Web page caption snippets:

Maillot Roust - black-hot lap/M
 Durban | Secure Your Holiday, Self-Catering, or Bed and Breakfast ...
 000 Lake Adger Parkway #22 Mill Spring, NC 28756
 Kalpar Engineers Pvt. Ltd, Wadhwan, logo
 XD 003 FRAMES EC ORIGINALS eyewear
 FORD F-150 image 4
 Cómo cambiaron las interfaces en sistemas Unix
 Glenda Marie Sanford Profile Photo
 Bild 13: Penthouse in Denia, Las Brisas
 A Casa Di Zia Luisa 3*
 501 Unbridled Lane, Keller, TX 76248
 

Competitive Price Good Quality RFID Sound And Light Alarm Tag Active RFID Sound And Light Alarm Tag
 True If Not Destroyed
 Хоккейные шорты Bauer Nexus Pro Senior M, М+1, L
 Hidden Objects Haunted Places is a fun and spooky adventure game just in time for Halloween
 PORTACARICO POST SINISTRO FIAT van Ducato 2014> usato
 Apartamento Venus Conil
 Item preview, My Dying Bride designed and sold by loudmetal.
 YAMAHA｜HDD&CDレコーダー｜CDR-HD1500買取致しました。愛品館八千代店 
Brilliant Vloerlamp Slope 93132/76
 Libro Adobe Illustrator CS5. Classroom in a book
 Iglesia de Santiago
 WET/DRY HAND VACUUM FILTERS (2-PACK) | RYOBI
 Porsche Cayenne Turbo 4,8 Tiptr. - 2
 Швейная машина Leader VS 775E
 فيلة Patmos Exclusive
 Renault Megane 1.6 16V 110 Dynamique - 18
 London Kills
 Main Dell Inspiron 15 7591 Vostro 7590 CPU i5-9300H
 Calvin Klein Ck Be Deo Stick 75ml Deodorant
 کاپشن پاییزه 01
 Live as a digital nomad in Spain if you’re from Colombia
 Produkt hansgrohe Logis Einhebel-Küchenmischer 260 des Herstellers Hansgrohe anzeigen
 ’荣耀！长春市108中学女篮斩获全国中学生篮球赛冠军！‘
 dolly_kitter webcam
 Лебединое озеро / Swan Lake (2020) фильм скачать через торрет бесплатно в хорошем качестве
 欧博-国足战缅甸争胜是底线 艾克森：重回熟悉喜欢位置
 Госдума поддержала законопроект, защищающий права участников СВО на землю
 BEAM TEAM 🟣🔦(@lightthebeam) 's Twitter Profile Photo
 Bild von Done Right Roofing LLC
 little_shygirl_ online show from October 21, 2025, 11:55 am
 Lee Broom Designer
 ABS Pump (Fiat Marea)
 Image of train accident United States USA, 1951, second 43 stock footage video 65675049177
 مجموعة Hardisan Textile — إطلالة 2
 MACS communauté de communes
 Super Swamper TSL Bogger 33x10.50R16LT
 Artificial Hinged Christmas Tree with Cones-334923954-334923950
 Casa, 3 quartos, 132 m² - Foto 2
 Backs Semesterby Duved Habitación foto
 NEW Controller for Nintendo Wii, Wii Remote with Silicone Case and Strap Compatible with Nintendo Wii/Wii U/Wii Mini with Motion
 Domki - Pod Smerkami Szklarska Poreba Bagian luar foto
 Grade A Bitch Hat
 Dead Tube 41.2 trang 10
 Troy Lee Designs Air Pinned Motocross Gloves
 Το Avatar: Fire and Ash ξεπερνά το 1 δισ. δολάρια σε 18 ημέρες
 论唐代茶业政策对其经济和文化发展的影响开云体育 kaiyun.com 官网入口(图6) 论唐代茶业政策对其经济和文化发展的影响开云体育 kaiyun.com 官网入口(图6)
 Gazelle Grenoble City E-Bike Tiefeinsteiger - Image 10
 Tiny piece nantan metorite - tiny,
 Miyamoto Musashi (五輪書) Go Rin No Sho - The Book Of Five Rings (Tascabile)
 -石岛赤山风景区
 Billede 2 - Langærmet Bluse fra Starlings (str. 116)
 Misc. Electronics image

What is required:
Using the entries above, output exactly the lines between the line holding "Швейная машина Leader VS 775E" and the line holding "Dead Tube 41.2 trang 10", end lines included, and nothing more.

Result for this task:
 Швейная машина Leader VS 775E
 فيلة Patmos Exclusive
 Renault Megane 1.6 16V 110 Dynamique - 18
 London Kills
 Main Dell Inspiron 15 7591 Vostro 7590 CPU i5-9300H
 Calvin Klein Ck Be Deo Stick 75ml Deodorant
 کاپشن پاییزه 01
 Live as a digital nomad in Spain if you’re from Colombia
 Produkt hansgrohe Logis Einhebel-Küchenmischer 260 des Herstellers Hansgrohe anzeigen
 ’荣耀！长春市108中学女篮斩获全国中学生篮球赛冠军！‘
 dolly_kitter webcam
 Лебединое озеро / Swan Lake (2020) фильм скачать через торрет бесплатно в хорошем качестве
 欧博-国足战缅甸争胜是底线 艾克森：重回熟悉喜欢位置
 Госдума поддержала законопроект, защищающий права участников СВО на землю
 BEAM TEAM 🟣🔦(@lightthebeam) 's Twitter Profile Photo
 Bild von Done Right Roofing LLC
 little_shygirl_ online show from October 21, 2025, 11:55 am
 Lee Broom Designer
 ABS Pump (Fiat Marea)
 Image of train accident United States USA, 1951, second 43 stock footage video 65675049177
 مجموعة Hardisan Textile — إطلالة 2
 MACS communauté de communes
 Super Swamper TSL Bogger 33x10.50R16LT
 Artificial Hinged Christmas Tree with Cones-334923954-334923950
 Casa, 3 quartos, 132 m² - Foto 2
 Backs Semesterby Duved Habitación foto
 NEW Controller for Nintendo Wii, Wii Remote with Silicone Case and Strap Compatible with Nintendo Wii/Wii U/Wii Mini with Motion
 Domki - Pod Smerkami Szklarska Poreba Bagian luar foto
 Grade A Bitch Hat
 Dead Tube 41.2 trang 10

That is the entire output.